Dlaczego zrezygnowałem z Wordpressa?

Powodów było kilka.

Po pierwsze, wordpressowy interfejs edytowania nowego wpisu zaczął się sypać po apgrejdowaniu fajerfoksa do wersji 2.0.0.2. Pod epiphany chodzi jeszcze jako tako, pod Operą -- bardzo jako tako (źle łamie wiersze...), no a pod fajerfoksem nie da się zalogować. Konquerora nie będę włączał aby móc utworzyć nowy wpis, oj nie.

Po drugie, wordpress zaczął ostatnio być niemiły. Zaczęło się od tego, że zaczęli chcieć $20 za edytowanie css-u skórki (nie na zawsze, a tylko przez rok). Ja rozumiem (i poniekąd cenię), że ludzie od wordpressa chcą zarobić na swoim produkcie, ale:
  • Deklarowali na początku, że blogi na ich serwerze są za darmo i pozostaną za darmo
  • Jeżeli bym miał za coś zapłacić, musiałaby to być jakaś nowa funkcjonalność, niedostępna na innych serwerach i co do której bym czuł, że w jej stworzenie trzeba było zainwestować trochę wysiłku. Edycja css-a taka nie jest.
Później już było tylko lepiej: dowiedziałem się, że zużywam już 4% ze swoich iluśtam megabajtów, nie dało się embedować filmiku z youtube'a...

Po trzecie, wszystkie powody, dla których w czerwcu zeszłego roku przesiadłem się na wordpressa przestały być aktualne. Tagi są już dostępne na Bloggerze i dość mocno poprawiła się stabilność edytora.

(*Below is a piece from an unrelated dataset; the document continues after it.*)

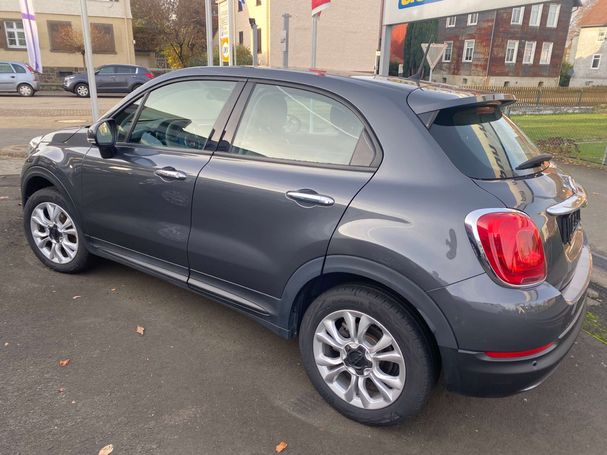 Fiat 500X 103 kW image number 5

Po czwarte, blogger ma sporo zalet w stosunku do wordpressa. Wspomnę tylko o dwóch: dużo większej kontroli nad wyglądem skórki i układem prezentacji informacji oraz możliwości dowolnego edytowania kodu strony (co pozwala dołączyć kod analytics czy też nawet AdSense). Poza tym, Blogger wydaje się w tej chwili o wiele intensywniej rozwijać od Wordpressa, który ostatnimi czasy pogrążył się chyba w lekkiej stagnacji (a przynajmniej jego darmowa wersja).

3 komentarze:

Piotr Kaźmierczak pisze...

Ty, no fajnie to wszystko, ale trzeba bedzie linki do rssow pozmieniac... to takie trudne...

Anonimowy pisze...

aha, jeszcze tylko pol slowa ode mnie: dziwie sie Twoim problemom zwiazanym z panelem administracyjnym wordpressa. u mnie wszystko gra i buczy, przynajmniej na firefoxie2, epiphany i konquerorze. tylko z opera sa problemy.

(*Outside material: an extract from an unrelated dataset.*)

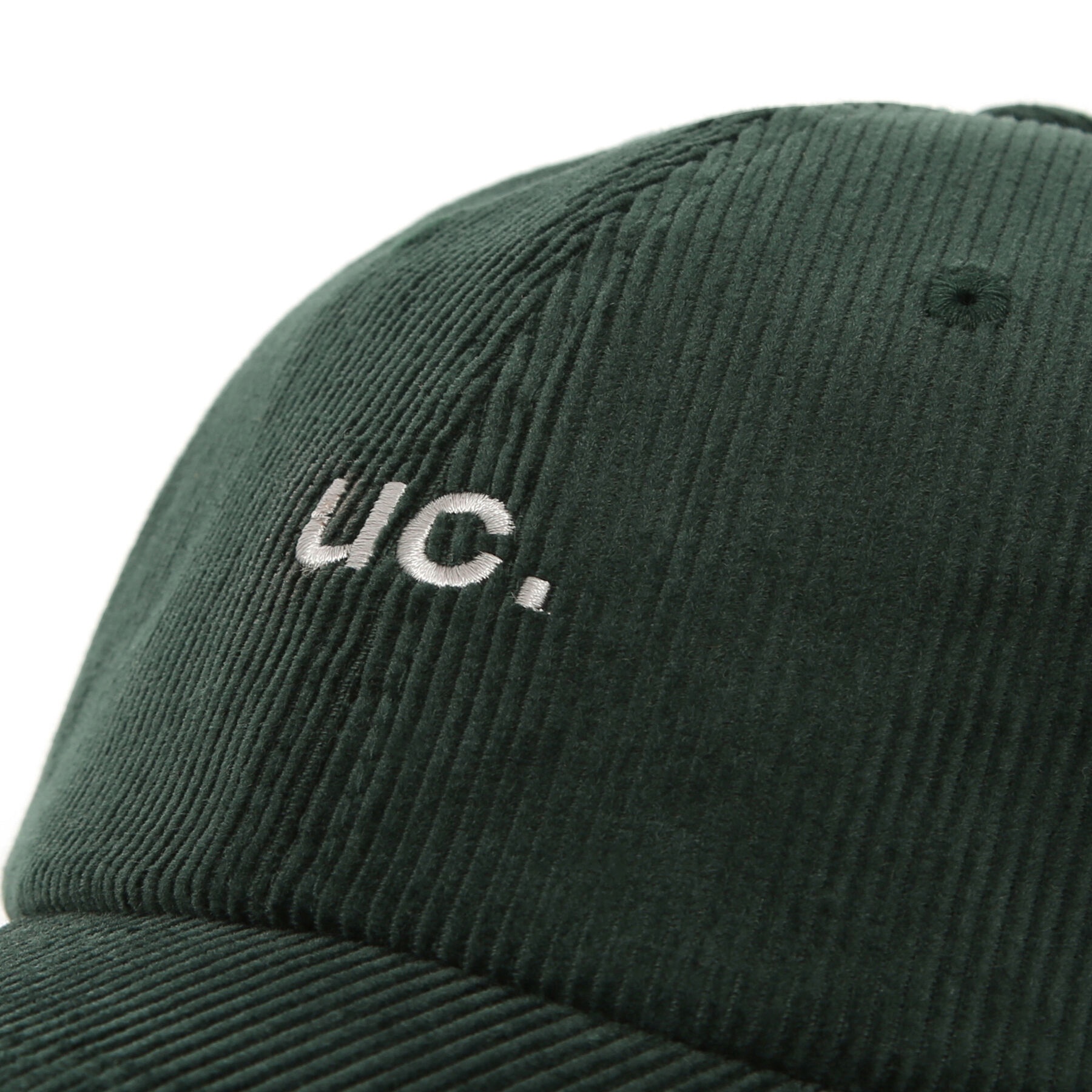 UC / AUTHENTIC B B / CD / GREEN - 감도 깊은 취향 셀렉트샵 29CM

moze rm -rf $HOME/.firefox Ci pomoze?:)

Ryszard Szopa pisze...

Wiesz, kiedyś miałem na odwrót -- pod operą nie chodziło, a pod fajerfoksem buczało. Ale generalnie zawsze coś było nie tak.

Poza tym, obecnie nie mam problemu z *panelem* administracyjnym, a z logowaniem się, co jest problemem poważniejszym. Przedtem też tak kiedyś było, ale rozwiązało się samo (tzn. bez grzebania w preferencjach i bez apgrejdu przeglądarki).